The HFEA met to discuss the two applications on the same day the House of Lords Select Committee on Stem Cell Research gave backing to the Government's new laws allowing the use of human embryos for therapeutic purposes while banning attempts at cloning a human baby. When peers passed the new law last year it was on the understanding that experiments would not start until the Lords committee had examined the ethical issues.

Richard Harries, the Bishop of Oxford, who chaired the committee, said that although the use of stem cells from early human embryos raised difficult moral and scientific issues, the potential benefits outweighed drawbacks. He dismissed suggestions that stem cells derived from adults were a viable alternative to embryonic stem cells – a view fostered by anti-abortion groups opposed to the whole idea of embryo research.

A spokeswoman for Comment on Reproductive Ethics, which opposes such experiments, said the select committee's report was rigged. "There has never been a proper presentation of the superiority of adult stem cells. This bias could not have been more blatant than in the calling of verbal evidence to the select committee," she claimed.

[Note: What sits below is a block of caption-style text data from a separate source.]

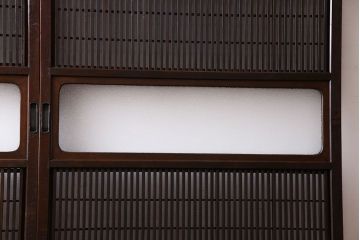 和製アンティーク　腰板ケヤキ材　モダンな雰囲気の裏障子付き帯格子戸(引き戸、建具)2枚組(1)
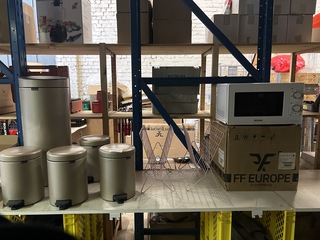 Partij huishoudelijke artikelen w.o. magnetron W.o. Brabantia, Severin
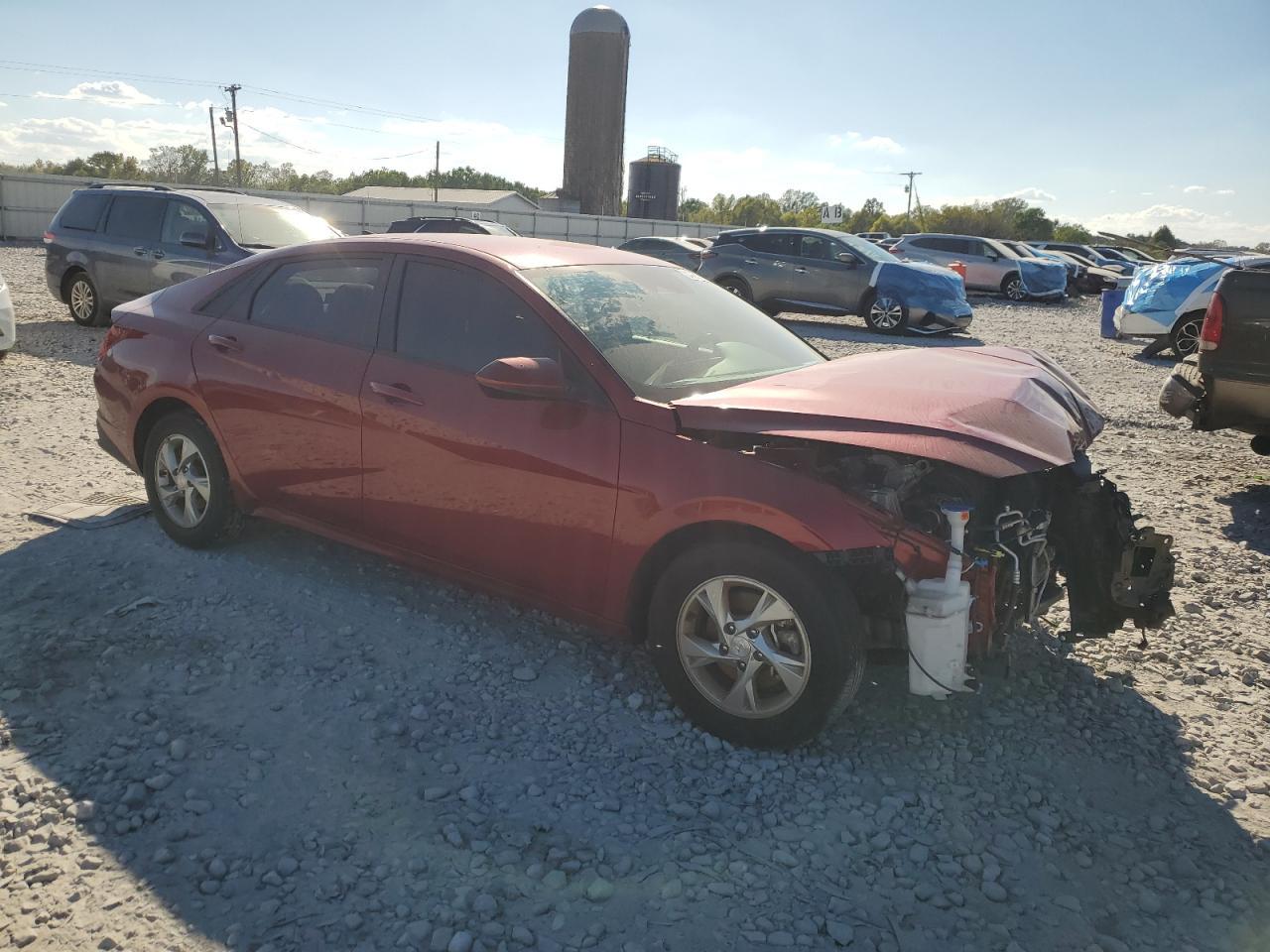 2023 Hyundai Elantra Se - Image 4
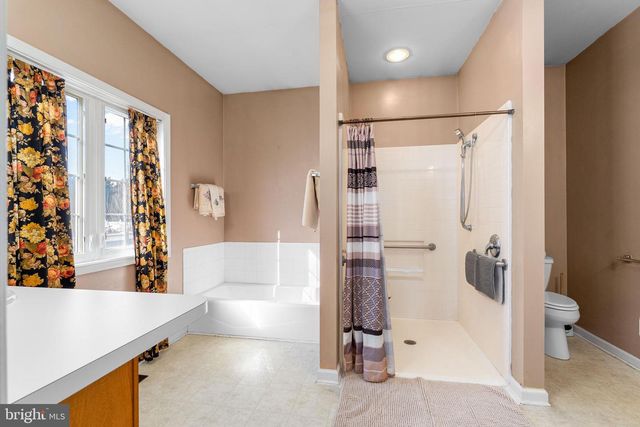 7 CLUB LN, Earleville, MD 21919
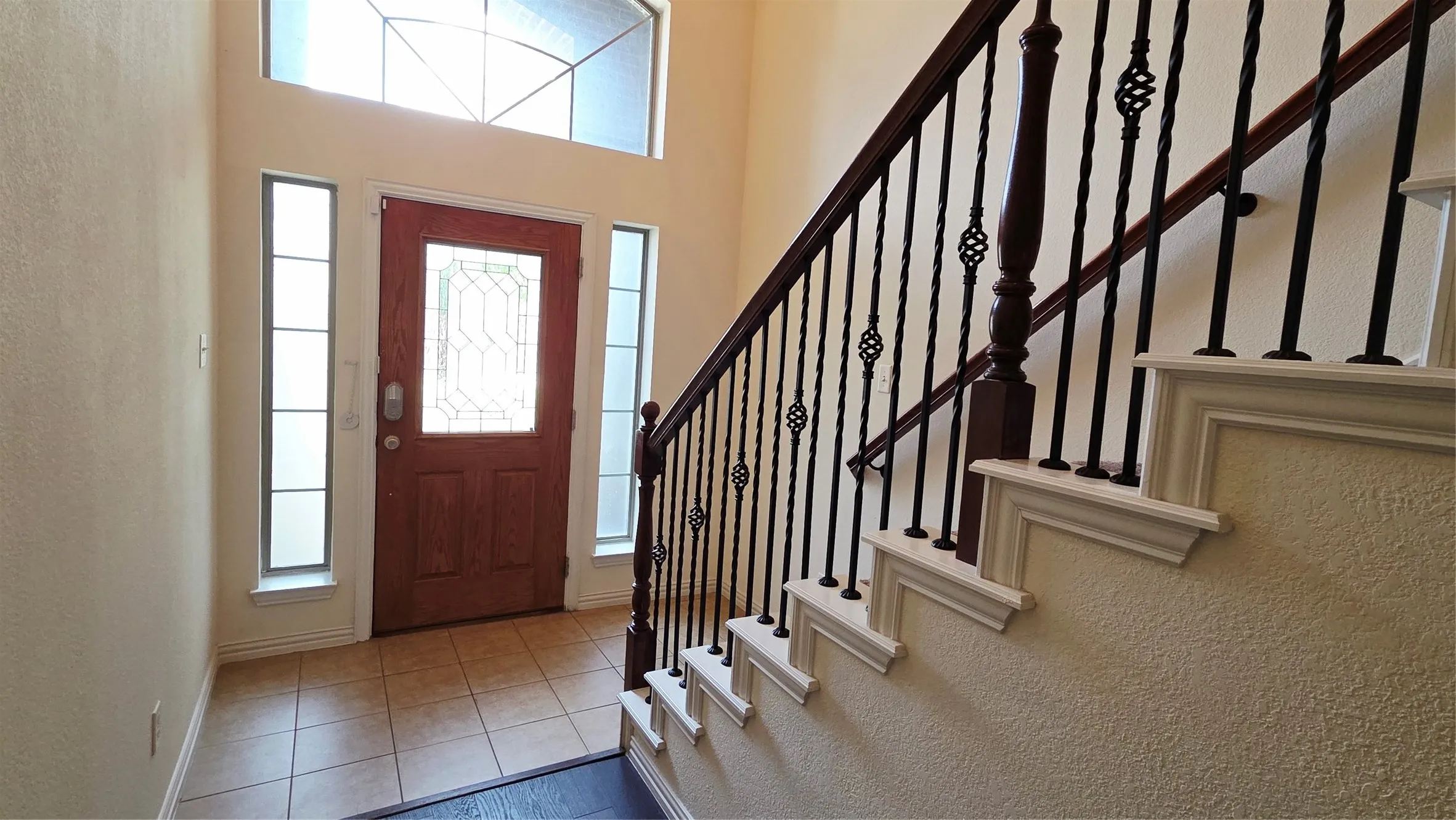 Townhouse For Rent in Dallas County , 3676 Vienna Street, Irving, Texas 75038, 3 Bedroom, 3 Bathroom, 2 Garage spaces, 1,831 Sqft, built in 2008, mls#21332966, Real Estate Agent in Irving, Homes For Rent in Dallas county, Homes For Rent in Irving, Realtor in Irving Texas, Real Estate Brokerage Independent Realty Texas, Luminita Cordes Realtor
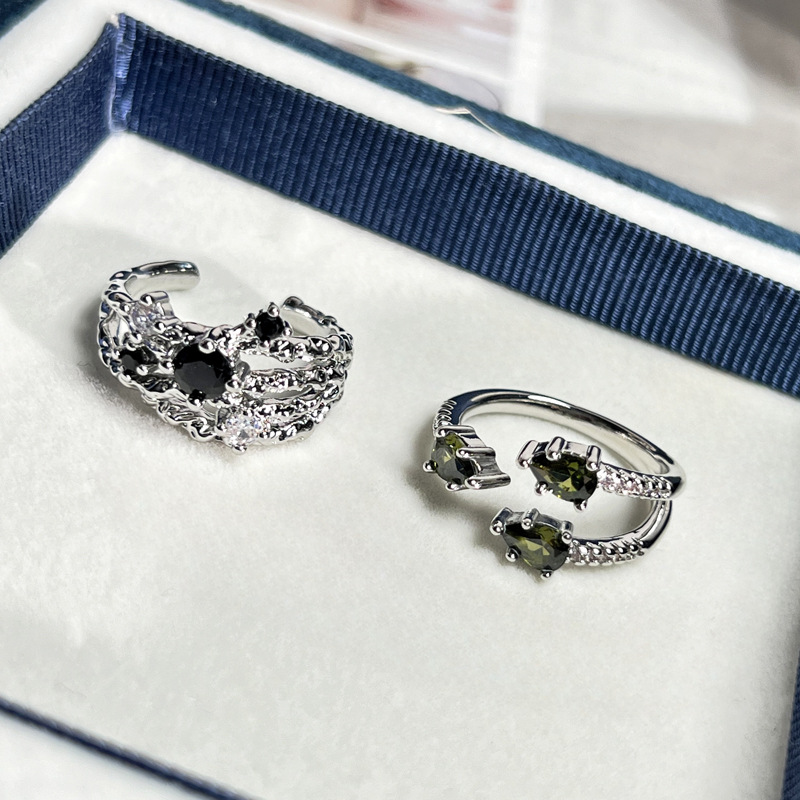 불규칙한 질감의 주름진 여성용 다층 오픈 링 올리브 그린 워터 드롭 지르콘 심플 라이트 럭셔리 틈새 집게 손가락 반지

The select committee also supported the Government's attempts to set up an national stem cell bank, which are being co-ordinated by the Medical Research Council. The bank will act as a central repository of any stem cells extracted by scientists with HFEA licences.

Sir George Radda, the MRC's chief executive, said that the frozen-cell bank would be housed in an national research institute which must not be run by a commercial company, an MRC institute nor a university with a vested interest in stem-cell research. The bank would hold deposits of both adult stem cells and embryonic stem cells. "Once stem cells have been generated, they can be maintained and multiplied almost indefinitely," Sir George said.

With the issuing of the first licences to use embryonic stem cells for therapeutic treatment, Britain leads the world in the regulation of this controversial area of research.

In America, such research is banned in federally funded laboratories, and subject to rules on commercial confidentiality within private institutes. Many other European countries have shied away from formally allowing the research to proceed under the specific legislation now adopted in Britain.

Mike Dexter, director of the Wellcome Trust, the biggest medical research charity in the world, said that UK legislation was already setting a precedent for the rest of the world to follow. "Scientists can now get on with finding treatments for life-threatening diseases," said Dr Dexter, who has spent much of his career investigating adult stem cells.

Stem cells taken from early embryos are known to have the potential to develop into any one of the many scores of specialised tissue cells of the body. It is hoped that instead of replacing diseased organs or treating them with drugs, it will be possible in future to repair them with stem cells. However, for the treatment to be even more effective it will be necessary to generate cloned embryos from a skin cell of a patient so that the stem cells do not suffer tissue rejection.

The law in Britain allows the creation of cloned embryos using the "cell nuclear replacement" technique that was used to create Dolly the sheep but so far the HFEA has not received any applications from scientists who propose to do this. Professor Burn, however, said his group may be close to seeking formal permission for cell nuclear replacement, which is also known as therapeutic cloning.

"We would certainly consider it at a research level. It has to be done because the therapeutic potential is enormous. It looks potentially far more successful than gene therapy," Professor Burn said.

Already experiments on rats have shown that embryonic stem cells can repair damaged spinal cords, raising the possibility of allowing paralysis victims to walk again.